Multi-agent (orchestrator + specialists, or supervisor + workers) helps when the sub-tasks have genuinely different toolsets and prompts — e.g., a "researcher" with web search and a "coder" with a sandbox. The cost is more LLM calls, harder debugging, and context-passing overhead. For most problems a single agent with a well-curated tool list and clear system prompt outperforms a multi-agent setup, because every additional agent is another place a hallucination can compound. I default to single-agent until I can point at a specific failure mode it can't handle.
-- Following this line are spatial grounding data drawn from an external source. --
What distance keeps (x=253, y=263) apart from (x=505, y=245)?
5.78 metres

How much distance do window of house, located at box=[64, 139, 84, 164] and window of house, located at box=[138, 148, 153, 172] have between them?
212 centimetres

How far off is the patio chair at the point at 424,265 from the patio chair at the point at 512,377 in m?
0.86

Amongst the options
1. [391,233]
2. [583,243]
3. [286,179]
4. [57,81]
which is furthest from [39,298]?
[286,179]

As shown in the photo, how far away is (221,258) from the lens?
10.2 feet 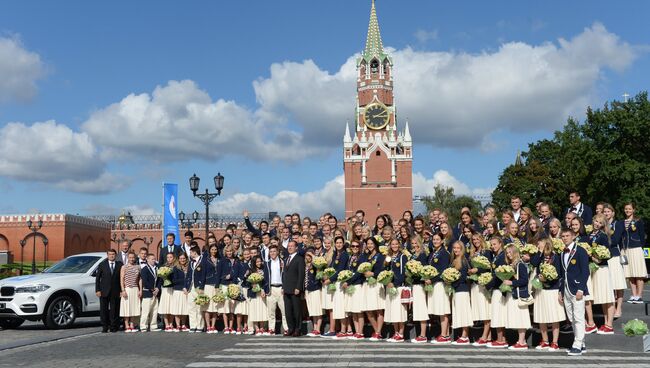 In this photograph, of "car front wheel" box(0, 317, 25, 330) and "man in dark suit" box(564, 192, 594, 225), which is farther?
"car front wheel" box(0, 317, 25, 330)

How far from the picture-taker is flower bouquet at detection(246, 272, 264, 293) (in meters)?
13.5

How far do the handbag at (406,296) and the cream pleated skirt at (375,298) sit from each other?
1.61 feet

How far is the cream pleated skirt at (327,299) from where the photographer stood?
13.0m

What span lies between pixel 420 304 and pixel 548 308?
2228 millimetres

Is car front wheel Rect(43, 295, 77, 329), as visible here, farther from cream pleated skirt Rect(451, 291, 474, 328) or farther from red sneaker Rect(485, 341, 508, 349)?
red sneaker Rect(485, 341, 508, 349)

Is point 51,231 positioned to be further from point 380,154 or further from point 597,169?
point 597,169

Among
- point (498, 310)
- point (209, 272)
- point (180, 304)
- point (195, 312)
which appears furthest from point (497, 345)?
point (180, 304)

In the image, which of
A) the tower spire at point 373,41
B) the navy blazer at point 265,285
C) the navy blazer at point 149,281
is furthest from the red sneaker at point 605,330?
the tower spire at point 373,41

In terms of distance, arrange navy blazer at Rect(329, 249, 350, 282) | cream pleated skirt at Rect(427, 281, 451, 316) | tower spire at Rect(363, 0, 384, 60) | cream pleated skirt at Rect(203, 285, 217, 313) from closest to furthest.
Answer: cream pleated skirt at Rect(427, 281, 451, 316) < navy blazer at Rect(329, 249, 350, 282) < cream pleated skirt at Rect(203, 285, 217, 313) < tower spire at Rect(363, 0, 384, 60)

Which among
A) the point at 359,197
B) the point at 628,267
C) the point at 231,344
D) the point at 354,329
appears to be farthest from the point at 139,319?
the point at 359,197

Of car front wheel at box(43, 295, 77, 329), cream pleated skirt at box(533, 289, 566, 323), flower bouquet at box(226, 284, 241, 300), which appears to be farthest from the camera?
car front wheel at box(43, 295, 77, 329)

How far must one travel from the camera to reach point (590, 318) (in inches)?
450

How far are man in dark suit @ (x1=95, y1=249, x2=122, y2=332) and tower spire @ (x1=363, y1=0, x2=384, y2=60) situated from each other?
81048 mm

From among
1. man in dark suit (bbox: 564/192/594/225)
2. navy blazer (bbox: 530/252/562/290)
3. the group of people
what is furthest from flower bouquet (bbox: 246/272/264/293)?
man in dark suit (bbox: 564/192/594/225)
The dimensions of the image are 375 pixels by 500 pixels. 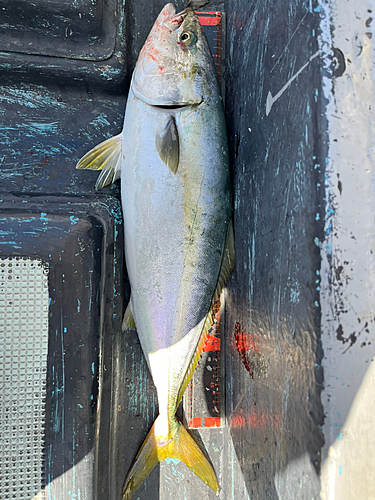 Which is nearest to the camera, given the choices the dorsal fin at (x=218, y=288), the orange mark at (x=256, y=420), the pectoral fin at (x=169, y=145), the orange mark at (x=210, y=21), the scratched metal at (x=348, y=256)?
the scratched metal at (x=348, y=256)

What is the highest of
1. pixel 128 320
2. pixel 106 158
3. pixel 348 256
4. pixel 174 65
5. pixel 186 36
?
pixel 186 36

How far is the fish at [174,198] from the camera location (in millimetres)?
1304

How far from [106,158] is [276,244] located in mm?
806

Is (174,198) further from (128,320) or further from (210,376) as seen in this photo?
(210,376)

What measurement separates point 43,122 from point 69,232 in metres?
0.56

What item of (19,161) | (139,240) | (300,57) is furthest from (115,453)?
(300,57)

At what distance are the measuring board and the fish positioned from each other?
246 mm

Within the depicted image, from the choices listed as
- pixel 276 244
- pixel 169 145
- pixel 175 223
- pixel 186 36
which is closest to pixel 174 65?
pixel 186 36

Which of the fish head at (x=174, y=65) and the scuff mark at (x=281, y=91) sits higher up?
the fish head at (x=174, y=65)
How do you handle a tool that returns 50 KB of JSON?

That blob will eat your context window in three calls. The fix is at the tool boundary, not in the model: paginate (return page 1 of N with a continuation token), summarize (run a small extraction pass server-side and return the structured result the agent actually needs), or filter (let the agent pass a JSONPath/jq expression as an argument). For search tools I cap result count at ~10 with snippets and a fetch_full(id) tool for drill-down. The principle: tool authors are responsible for token discipline, not the agent.

How do you make agent runs reproducible for debugging?

Log every (system_prompt, messages, tools, tool_choice, response) tuple to durable storage, plus the model name and version. Add a request_id that flows through every tool call so the trace stitches together. For deterministic replay set temperature=0 and top_p=1, but accept that even then frontier models drift slightly across versions. The killer feature is being able to re-run a customer-reported bad answer against the exact prompt+tools state — without that you're guessing. I treat the trace store like an APM system: structured, indexed, and queryable.